Scraped caption text data
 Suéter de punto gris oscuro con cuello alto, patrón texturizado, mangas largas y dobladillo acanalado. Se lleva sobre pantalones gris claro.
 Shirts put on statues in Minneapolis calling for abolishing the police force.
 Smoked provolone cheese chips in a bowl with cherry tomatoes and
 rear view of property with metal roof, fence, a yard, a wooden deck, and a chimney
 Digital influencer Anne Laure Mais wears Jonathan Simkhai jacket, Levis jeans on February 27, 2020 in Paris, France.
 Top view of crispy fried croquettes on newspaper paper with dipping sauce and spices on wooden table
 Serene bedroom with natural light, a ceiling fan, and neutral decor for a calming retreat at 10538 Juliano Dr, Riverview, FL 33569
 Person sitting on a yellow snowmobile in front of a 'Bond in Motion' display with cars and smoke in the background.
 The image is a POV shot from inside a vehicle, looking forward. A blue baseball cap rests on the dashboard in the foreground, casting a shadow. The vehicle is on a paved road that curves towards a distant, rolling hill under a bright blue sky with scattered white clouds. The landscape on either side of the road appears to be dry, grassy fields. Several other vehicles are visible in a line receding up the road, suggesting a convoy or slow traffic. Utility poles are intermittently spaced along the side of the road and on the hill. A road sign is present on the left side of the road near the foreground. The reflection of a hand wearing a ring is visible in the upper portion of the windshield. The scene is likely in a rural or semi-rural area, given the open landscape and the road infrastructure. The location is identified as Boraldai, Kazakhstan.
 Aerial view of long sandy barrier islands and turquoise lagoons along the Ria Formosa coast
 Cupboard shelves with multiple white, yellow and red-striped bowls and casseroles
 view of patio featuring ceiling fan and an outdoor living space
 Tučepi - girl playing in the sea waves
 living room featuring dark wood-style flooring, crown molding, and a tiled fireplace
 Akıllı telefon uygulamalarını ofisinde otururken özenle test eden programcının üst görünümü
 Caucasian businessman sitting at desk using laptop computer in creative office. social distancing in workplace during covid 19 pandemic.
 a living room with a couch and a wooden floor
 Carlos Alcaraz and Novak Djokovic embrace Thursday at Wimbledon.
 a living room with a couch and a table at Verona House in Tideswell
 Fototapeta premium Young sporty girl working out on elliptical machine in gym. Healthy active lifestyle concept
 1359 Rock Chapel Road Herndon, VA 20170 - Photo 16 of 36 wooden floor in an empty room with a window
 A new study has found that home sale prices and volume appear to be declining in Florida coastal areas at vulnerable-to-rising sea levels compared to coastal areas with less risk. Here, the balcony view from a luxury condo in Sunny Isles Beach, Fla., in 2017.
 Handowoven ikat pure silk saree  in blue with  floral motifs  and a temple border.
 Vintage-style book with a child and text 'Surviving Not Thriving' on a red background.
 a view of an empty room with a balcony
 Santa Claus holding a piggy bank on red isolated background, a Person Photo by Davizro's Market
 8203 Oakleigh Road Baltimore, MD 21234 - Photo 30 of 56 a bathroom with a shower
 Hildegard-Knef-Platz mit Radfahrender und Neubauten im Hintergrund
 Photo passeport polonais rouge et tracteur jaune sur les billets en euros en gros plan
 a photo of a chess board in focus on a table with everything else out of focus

• **Exercise goal**
All lines from the one containing "Santa Claus holding" to the end of the records are to be duplicated exactly, and no other lines are to be given.

• **Response to the task**
 Santa Claus holding a piggy bank on red isolated background, a Person Photo by Davizro's Market
 8203 Oakleigh Road Baltimore, MD 21234 - Photo 30 of 56 a bathroom with a shower
 Hildegard-Knef-Platz mit Radfahrender und Neubauten im Hintergrund
 Photo passeport polonais rouge et tracteur jaune sur les billets en euros en gros plan
 a photo of a chess board in focus on a table with everything else out of focus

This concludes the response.